EDIT: In response to those who told me "buy a profiler", I would like to, but if I could spend that much money I would spend it on something else. I tried to convince my boss that a profiler is worth it, but haven't had much luck. This question is mostly based on curiosity. I would never consider Stopwatch as a replacement for a real profiler.

I have a little test app (written in C#) that measures performance differences when using a Stopwatch on a per-line basis. The test code is this:

int n = 100;
BigInteger f = 1;
for (int i = n; i > 1; i--)
{
    f *= i;
}

Here is the full code: http://pastebin.com/AvbQmT32

I have a Stopwatch for each line of code. This is my 'profiler'. I also have one Stopwatch for the whole program. This is my 'profiler profiler'.

I have the program configured as Release mode, Any CPU (on an x64 machine), and optimizations disabled.

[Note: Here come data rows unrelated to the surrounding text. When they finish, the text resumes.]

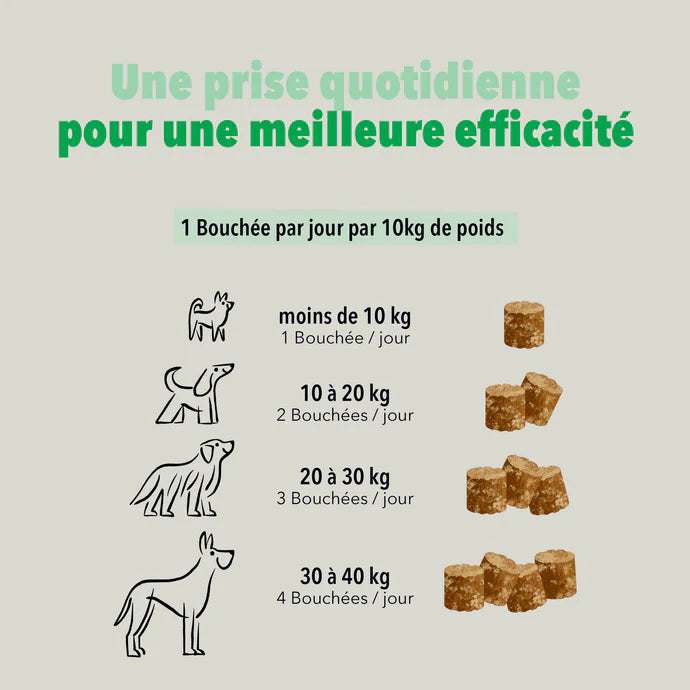 Вітамінний комплекс для собак Delamour Paris Les Bouchées Digestion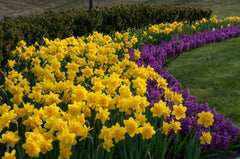Queen’s Day Daffodil Narcissus Bulbs Blooms Species Growing Bonsai Roots Rhizomes Corms Tubers Potted Planting Reblooming Fragrant Garden Flower Seeds Plant - Seedsplant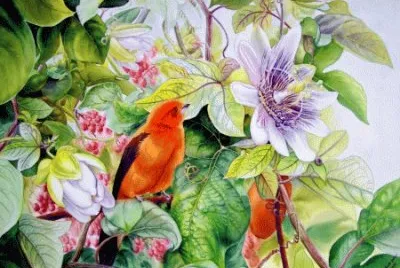 Spring Bird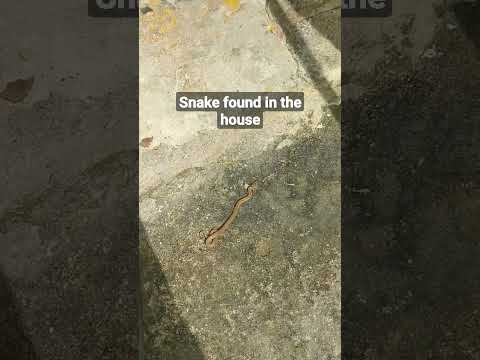 🐍snake found in the house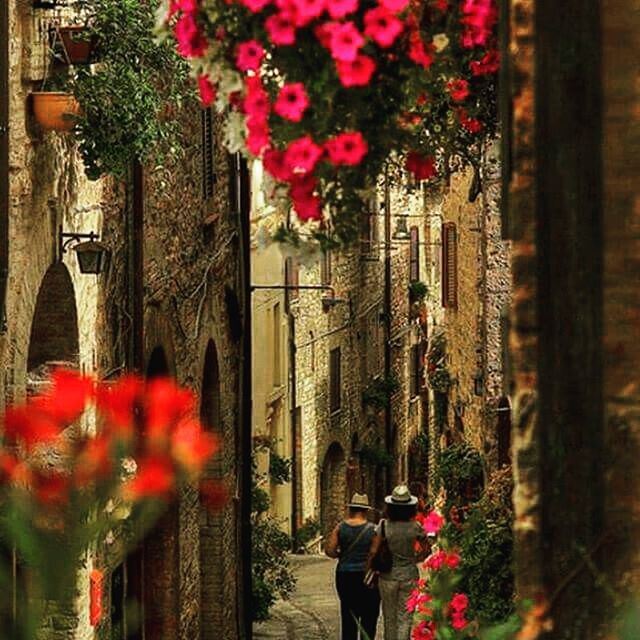 Jbeil❤️ have a nice day... _______________________________________________________ lebanon  jbeil  byblos  niceday  lebanonisbeautiful  lovely  amazing  colorful  lebanesestreetstyle (Byblos - Jbeil)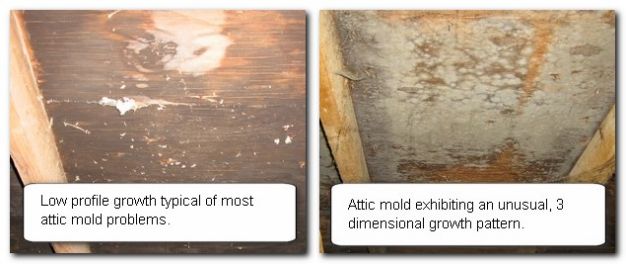 roof sheathing mold growth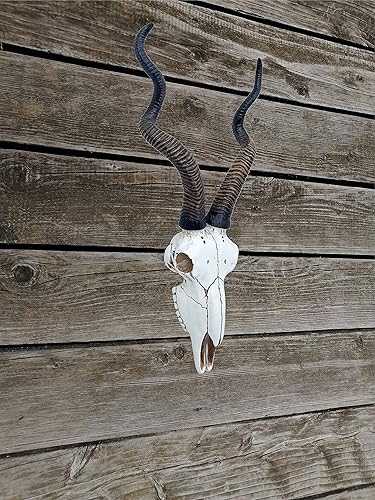 Miniatura 7 de Top Brass Calavera de antílope Kudu africano de 14 12 pulgadas, cabeza de montaje en pared, decoración rústica de safari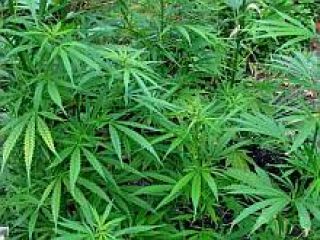 ������ �������� ��������� 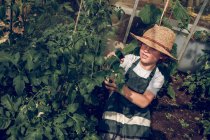 Хлопчик перевіряє рослини в теплиці — стокове фото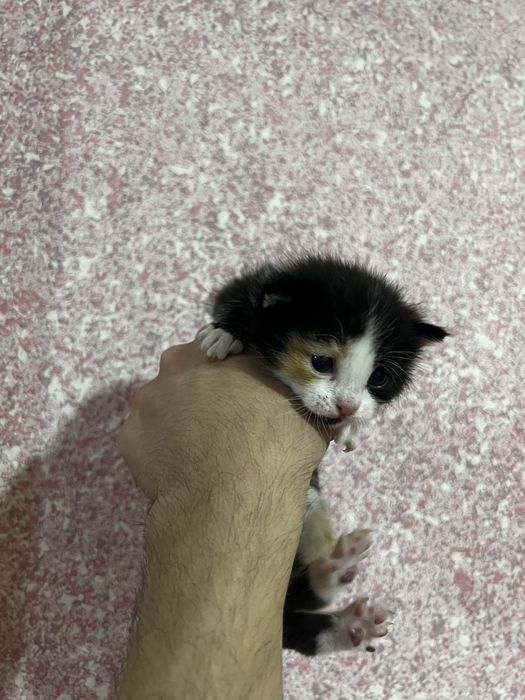 Отдам даром котят в хорошие руки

When I run the program with the profiler disabled, I get something like this:

             Line             |  Ticks
------------------------------|----------
                              |
Total time:                   |       359

When I run it with the profiler enabled, I get something like this:

             Line             |  Ticks
------------------------------|----------
                              |
int n = 100;                  |         3
BigInteger f = 1;             |        12
for (int i = n; i > 1; i--)   |       325
{                             |
    f *= i;                   |       539
}                             |
                              |
Total time:                   |      1710
Stopwatch overhead:           |       831

Ideally, the time spent on code should be equal in both cases, but it appears that the Stopwatches have overhead that appears within their own elapsed time.

Now, it doesn't often make sense to need to profile every line of a program, as it usually works better with a divide-and-conquer approach. You can usually start by profiling chunks of code, and narrow down on any performance problems.

Also, in most applications, the average line of code will be a lot slower than the ones in the test program. This means that there will be less Stopwatch overhead.

However, there is still overhead when using Stopwatches, especially if you use a lot.

So down to the question:

What is the most effective way to use Stopwatches for profiling? How can I minimize overhead? Is it even worth it to wrap a Stopwatch around a single statement?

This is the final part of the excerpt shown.